Jenny Chen shares her learnings and thoughts from the Concurrent session ‘Neural Networks in Reserving: how and why are they worth considering?’ at the 2021 All-Actuaries Virtual Summit.

An accurate estimation of your insurance liability reserves could mean more efficient use of capital, more stable P&Ls, and a more robust financial outlook. One approach to achieve this is to use neural networks in reserving! In this article, I summarise the benefits, risks, variations and practical considerations of neural networks in reserving. In this article, I summarise the benefits, risks, variations and practical considerations of neural networks in reserving. Special thank you to Muhammed T. Al-Mudafer, Benjamin Avanzi, Greg Taylor, and Bernard Wong who did the study and produced the paper entitled “Stochastic loss reserving with mixture density neural networks”, where the contents, figures and results quoted here are extracted from.

 What is a neural network?

Neural networks are a series of algorithms that recognise relationships between large sets of data by mimicking the operations of a human brain. The output of a neural network is a function of the input variables; they are connected by variable weightings and hidden layers. The output is determined by optimising the weight parameters.

What are the benefits of using neural networks in reserving?

  • They can capture complex trends in the data;

  • They have consistently outperformed the Chain Ladder on accuracy via back-testing;

  • They are open to different types of data input, whether large, granular, or aggregate;

  • They are efficient, being able to learn from multiple triangles simultaneously.

What are the risks and challenges? How to exploit and overcome?

Risk

Potential Solution

Neural networks focus on the central estimate, rather than the whole distribution of outcomes, which is critical for risk management. This can be solved by implementing a neural network that predicts the distribution, which is the Mixture Density Networks (MDNs). This method assumes that losses follow a Mixed Gaussian Distribution and can approximate various distributions with flexibility. A neural network is then set up to output the parameters of the distribution.
The process is a black box, so the results are hard to explain to stakeholders due to the low interpretability. A hybrid approach can be used to improve interpretability. Methods such as ResMDN (GLM-MDN Hybrid Model) can be used, where a GLM is the backbone of the model, whilst a neural network is used for the residuals to pick up trends that are missed by GLM. Actuaries can apply their judgement to balance interpretability and modelling power of the method.
There is a lack of predictability for how the model will perform in the future when extrapolating data. There is also risk of over-fitting.

The model can be designed to incorporate actuarial judgement and set up restrictions on the estimation. This ensures reasonable projections.

The data is split into a training set and a testing set based on time order. As the graph below demonstrates, testing set is the latest diagonal of the triangle. The model is optimised by assessing the accuracy of the projection going forward, this ensures the predictability of the model.

It requires a lot of data. It is tested that the approach performs well with a 40×40 triangle.

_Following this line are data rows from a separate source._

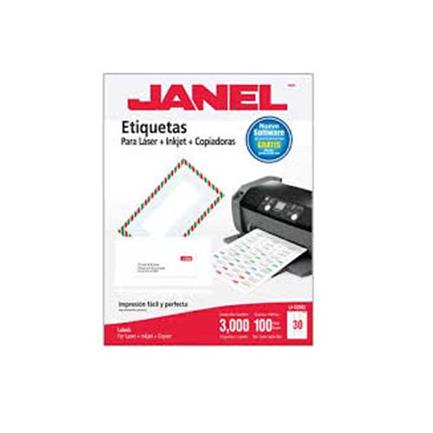 JANEL - ETIQUETA JANEL LASER 25X67 100H C/3000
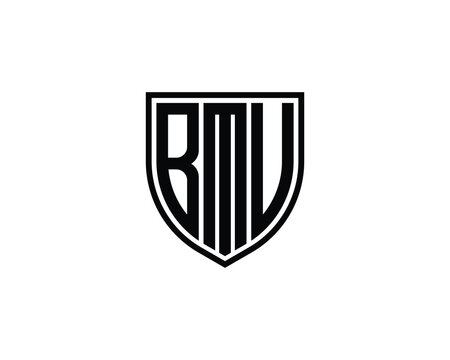 BMU logo design vector template. BMU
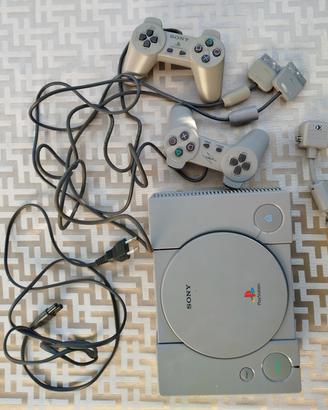 Lotto Accessori PS1 + Adattatore Namco + PS1 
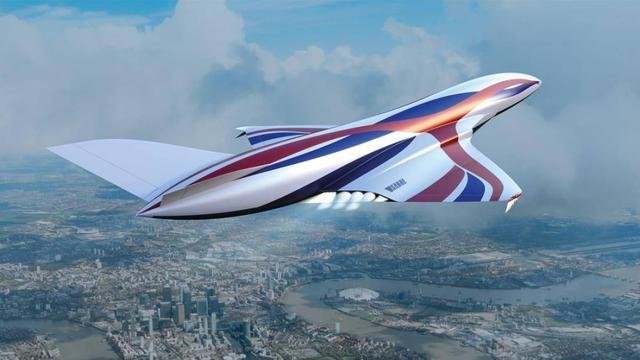 Avião que viaja de Londres aos EUA em menos de uma hora será realidade
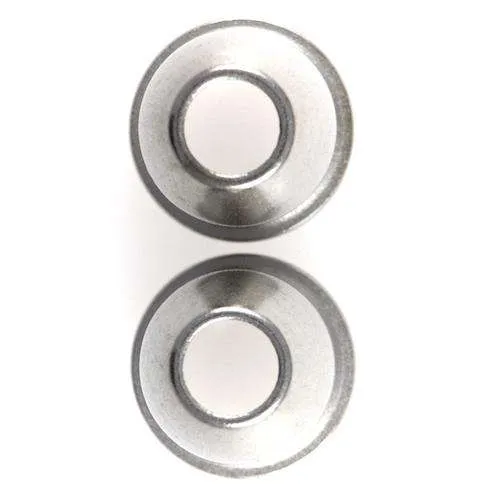 Kordelenden Silberfarben – Metall KOE-7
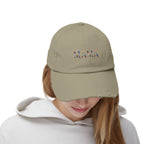 MAMA Distressed Baseball Cap — Floral Patch Mom Hat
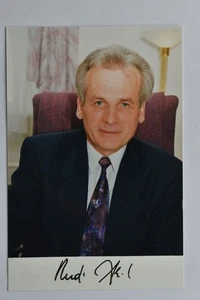 Rudi Geil - - original Autogramm - - Autogrammkarte - Bild 1 von 1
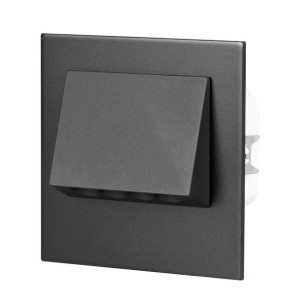 Oprawa LED NAVI 230V AC CZARNA Biała zimna
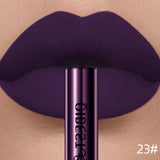 QIBEST Rouge à lèvres liquide mat Waterproof longue tenue Velours Gloss à lèvres Tube de teinte Pigment Nude mat Rouge à lèvres Maquillage des lèvres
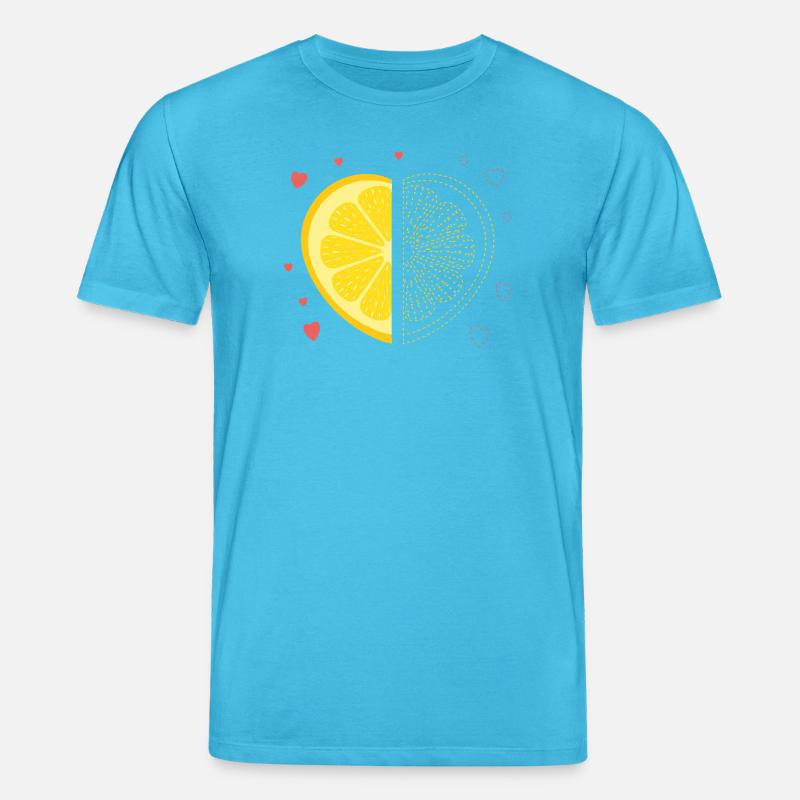 Zitronenherz – Missing My Other Half - Stanley/Stella Unisex Bio-T-Shirt CREATOR  - Aquablau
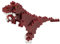 Bandai - Nanoblock - Dinosaurier Figur Tyrannosaurus - Figur mit 170 Bausteinen - Konstruktionsspielzeug Bausteine Dino T-Rex - Baukit Spielzeug für Kinder ab 12 Jahren Jugendliche Erwachsene - NBC111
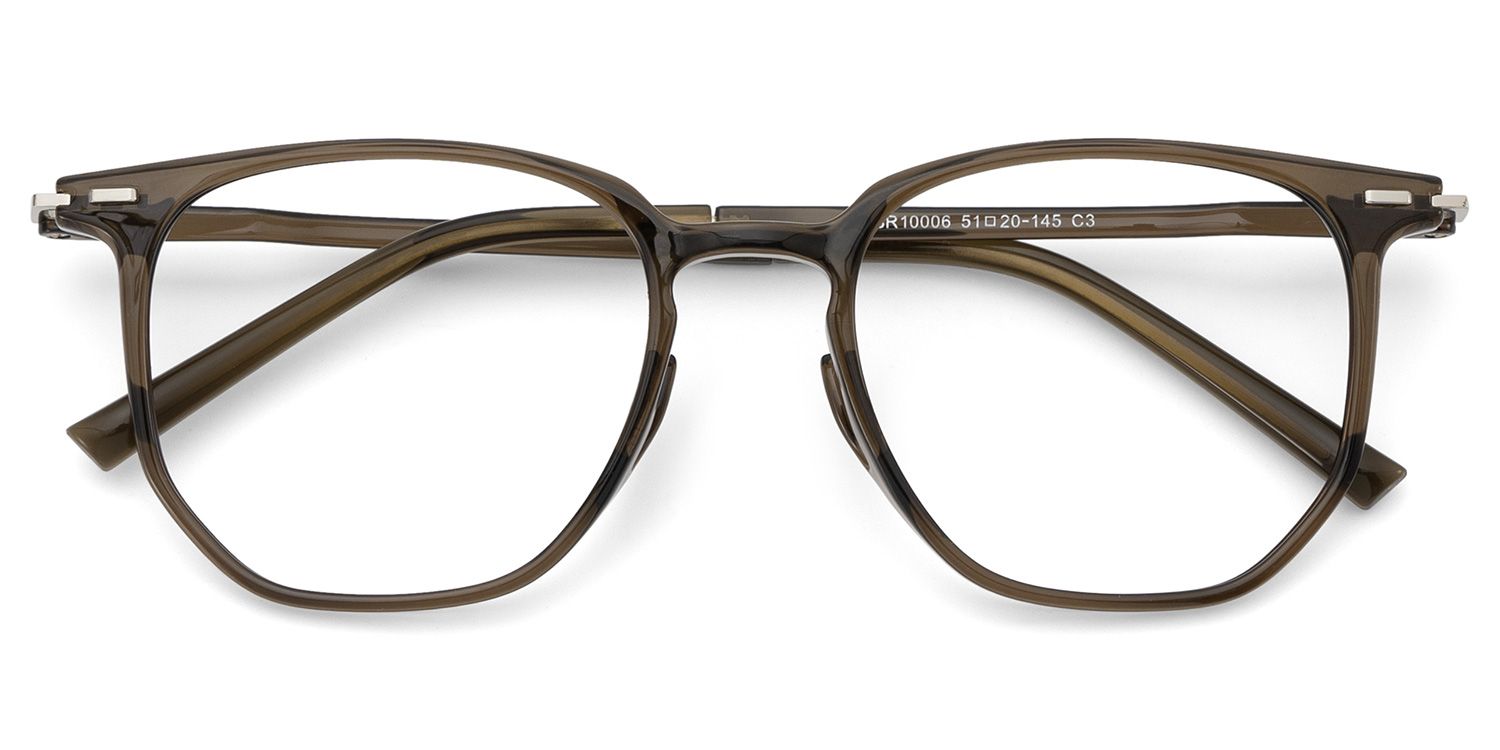 Geometric Brown Eyeglasses- Isla TR90 Frame Glasses2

How is the performance of MDN?

 In the section below, I summarise the results of a Mixture Density Network that the presenters used on a reserving analysis.

Testing Data:

The data used includes 10 triangles of CTP long tail claims of real data from AUSI and 50 triangles simulated for each of the four different environments. The four environments include simple short tail claims, changing claim settlement processes, inflation shocks, and complex long tail claims. The variety of 210 triangles ensured the model is tested in a variety of situations. 

Results:

   

The top chart shows that the forecast (red line) is smooth and robust, even with volatile claims (blue line). To compare mean estimates, the Root Mean Squared Error of MDN is more than 15% lower than that of Chain Ladder.

The bottom chart compares the empirical and MDN risk margins at various quantiles. This demonstrated that the MDN can capture the distribution of incremental claims. To compare distributional accuracy, the Log-Likelihood of MDN is consistently higher than that of the stochastic chain ladder. This means that the MDN method can also be used effectively for risk margin and capital management.

The top side chart displays the result when claims settlement speeds up. The MDN captures trends accurately, but the Chain Ladder method failed to do so.

The bottom chart shows that the MDN outperforms Chain Ladder in capturing inflation. The main reason is the Chain Ladder assumes trends develop homogenously, whilst MDN captures specific trends.

What are some future potentials of neural networks in reserving?

Besides fitting different mixture distributions to capture more trends, what’s more exciting is the idea of creating a ‘reserving brain’. Neural networks can be set up to learn from multiple triangles simultaneously, to create a ‘reserving brain’ that can be used in the projection of any individual triangles. This ‘reserving brain’ may also be applied for the whole industry, with the support of APRA. For such a data thirsty algorithm, the more data (clean data) that we feed it, the more accurate and robust the outcome will be.

I would like to thank the presenters for sharing their insights into such an interesting innovation within the actuarial reserving field. One, which I hope to employ within my reserving work one day.